One day in the camp everyone hears some of the caught lions roaring and the natives begin running away in fear. A louder roar is heard and as the cowboys and O’Hara investigate, they meet Joe, now a huge gorilla. The cowboys try to rope him and Joe manages to grab O’Hara. As he is about to hurl O’Hara off of a rocky ledge, Jill appears, scolding Joe and urges him to gently put the man down. Joe obeys and Jill leads him home. O’Hara is excited-he must get that gorilla for his new nightclub! With the help of cowboy Gregg they find Jill’s farm and apologize to her for scaring her and Joe. Jill admits that with her father’s recent death, she is all alone, she’s never been away from Africa, and with that information, O’Hara convinces Jill that by bringing Joe to Hollywood to star at the new nightclub, that she will be a new star and earn a lot of money. Gregg, who is obviously taken with the cute Jill, smiles a lot and reassures her that it would be a great opportunity for a new adventure. Jill agrees and it is off to Hollywood.

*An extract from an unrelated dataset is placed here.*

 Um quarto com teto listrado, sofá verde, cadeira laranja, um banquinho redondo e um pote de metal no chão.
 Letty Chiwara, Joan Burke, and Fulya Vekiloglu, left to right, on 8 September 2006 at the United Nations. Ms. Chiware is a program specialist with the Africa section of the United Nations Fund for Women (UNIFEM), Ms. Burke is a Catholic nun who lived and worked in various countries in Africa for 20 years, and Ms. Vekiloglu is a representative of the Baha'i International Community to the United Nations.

The rest of the movie is pretty predictable. Joe and Jill do become famous, but are miserable. Some boorish drunks unwittingly make Joe angry and he’s able to break out of his holding cell in the basement of the nightclub. This happens while Jill is having dinner with Gregg. Joe wreaks havoc with the nightclub and is declared a menace that needs to be put down. O’Hara realizes he was wrong to bring Joe to Hollywood and should have left him in Africa and comes up with a plan to rescue Joe before his scheduled death will be carried out by the local police, per a judge’s order. O’Hara, Gregg, and Jill launch a daring escape for Joe and a way to get he and Jill back to Africa.

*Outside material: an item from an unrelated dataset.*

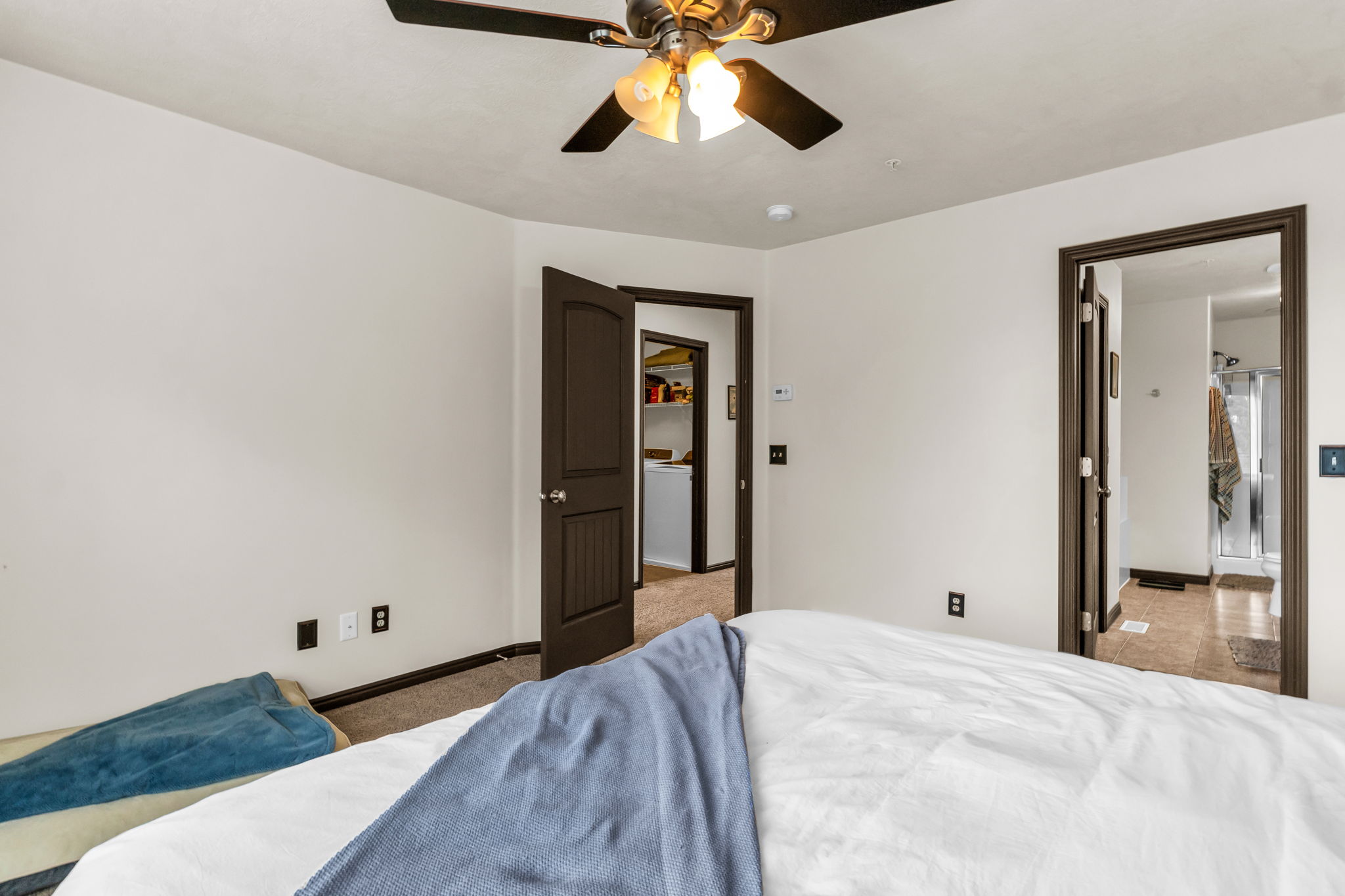 Bedroom featuring a ceiling fan with light fixture, neutral wall paint, and dark trim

While the plot is forumlaic and the acting lurching from hammy(Armstrong, at times) to bland(Ben Johnson-his first movie role after coming away from rodeos and he did get better, eventually winning a best supporting actor Oscar in 1971 for The Last Picture Show), and the usually funny Frank McHugh is wasted in a tiny role in my opinion, I do believe Mighty Joe Young should be seen for the special effects. These effects were done before home computers were ever thought of, or CGI(computer generated imagery). The special effects fill this movie and elevate it to a higher plane. These are the scenes: the cowboys trying to rope and capture Joe, Joe dangling O’Hara over a rock ledge, the nightclub acts that Joe and Jill have to perform, the three drunks hassling Joe and giving him bottles of whiskey to drink, Joe breaking loose from his cell and destroying the nightclub, Joe on the run with Jill, Gregg, and O’Hara, Joe’s rescue of an orphan from a burning orphanage. That scene is on Youtube and can be viewed here.

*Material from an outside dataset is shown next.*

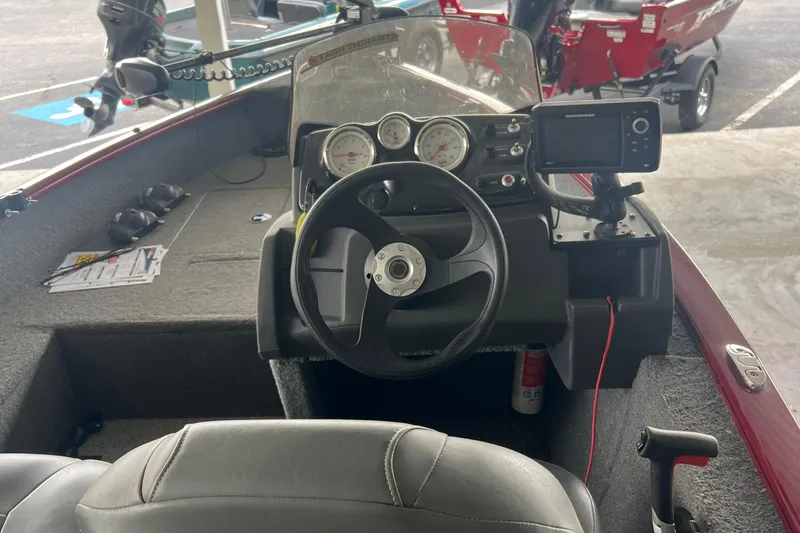 Slide: The Image of 2022 Tracker Super Guide V 16 SC boat interior with steering wheel and dashboard controls. - 15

I also found an interesting website on the life and career of the late Ray Harryhausen that is worth a visit and one can do so by clicking here. Lastly, also on Youtube, there is an interview with Harryhausen and the making of Mighty Joe Young! View that interview here.
You may have already seen the Disney version of Mighty Joe Young, made in 1998 and starring Charlize Theron and Bill Paxton, but you really owe it to yourself and any kids in your life to see the 1949 original and its fantastic, award-winning special effects.